_Your objective_. Pictures do not belong in your copy. Repeat all the other data exactly.

_Information provided_.
= = = = = = =
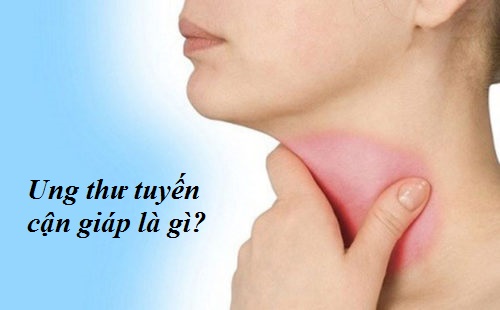 Ung thư tuyến cận giáp là gì?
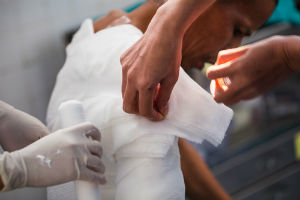 Injured due to severe burns? Call our Memphis Catastrophic Injury Attorneys Now for Help.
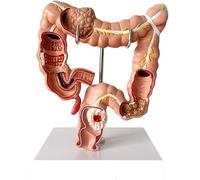 Human Large Intestine Anatomical Model, Visceral Lesion Colon Pathology Model, Digestive System Studying Teaching Models, for Medical Education Display.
= = = = = = =
_Exercise output_.
 Ung thư tuyến cận giáp là gì?
 Injured due to severe burns? Call our Memphis Catastrophic Injury Attorneys Now for Help.
 Human Large Intestine Anatomical Model, Visceral Lesion Colon Pathology Model, Digestive System Studying Teaching Models, for Medical Education Display.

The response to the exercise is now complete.